Les amendements déposés par l’ensemble des groupes témoignent d’une certaine frustration – légitime – de ne pas pouvoir traiter d’éducation numérique, d’économie, de fiscalité, de droit d’auteur, bref de ne pas pouvoir considérer l’écosystème numérique dans son ensemble. Le titre du projet de loi – pour une République numérique – est donc complètement usurpé. On appelle cela du marketing, de la communication

N’oublions pas non plus que tout ce que nous écrivons dans la loi doit être soupesé avec une extrême précaution, car les termes et les usages que nous essayons d’appréhender aujourd’hui seront peut-être dépassés demain. Il serait utile de prévoir une clause de revoyure, étant donné que les usages évoluent de façon très rapide. En attendant, un renvoi en commission permettrait déjà de revoir le périmètre du projet de loi tel qu’initialement délimité, périmètre qui, malheureusement, sert souvent de prétexte pour renvoyer des débats importants aux calendes grecques.

Nous saluons l’esprit constructif du rapporteur et d’Axelle Lemaire, qui a permis d’obtenir certaines avancées. Je pense par exemple à la publication systématique de l’avis de la CNIL sur tout projet de loi, sans passer par l’avis de la commission permanente saisie au fond. Je pense également au changement de nom de la Commission supérieure du service public des postes et des communications électroniques – CSSPPCE – qui doit devenir la Commission parlementaire du numérique et des postes. Un grand nombre de textes traitent du numérique, y compris de façon indirecte, comme l’a relevé Jean-Yves Le Déaut. Il est donc plus que nécessaire qu’une commission installée de façon permanente puisse apporter une expertise sur ces sujets. Son changement de nom doit s’accompagner d’une adaptation de ses missions et d’un renforcement de ses compétences vis-à-vis de l’ARCEP, dont le rôle est grandissant. Nous en reparlerons lors de la discussion des amendements.

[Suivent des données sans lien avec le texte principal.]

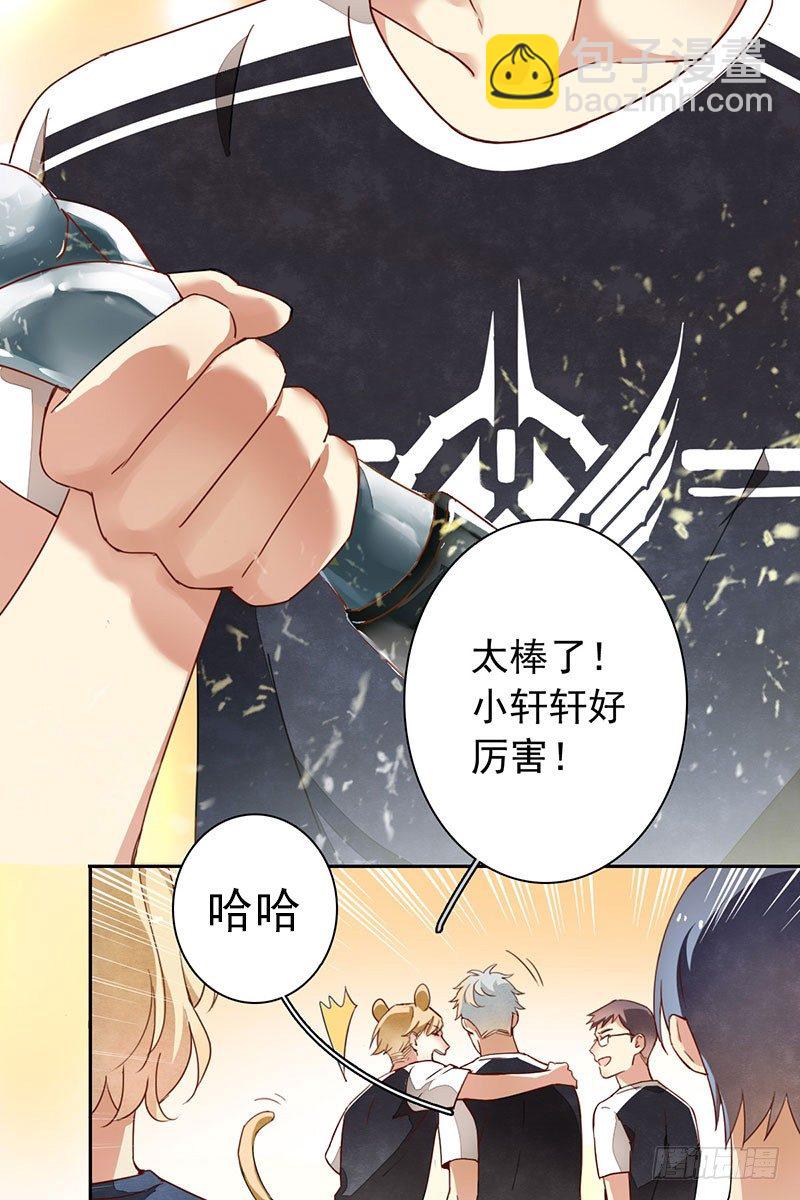 第十话：不可一世的年轻人-第11话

Quoi qu’il en soit, cet esprit constructif est gâché par les éléments que j’ai cités plus tôt : le manque de coordination avec le niveau européen, sans doute le manque de coordination au niveau gouvernemental, ainsi que le manque de clarté rédactionnelle et les délais très contraints entre l’examen en commission et la séance.

C’est parce que nous partageons cet esprit de travail, cet esprit constructif, c’est parce que nous voulons un projet de loi positif pour les droits du citoyen dans la société numérique que nous n’avons pas déposé de motion de rejet, mais que nous vous invitons, chers collègues, à adopter cette motion de renvoi en commission, car il y a de véritables manques dans ce projet de loi.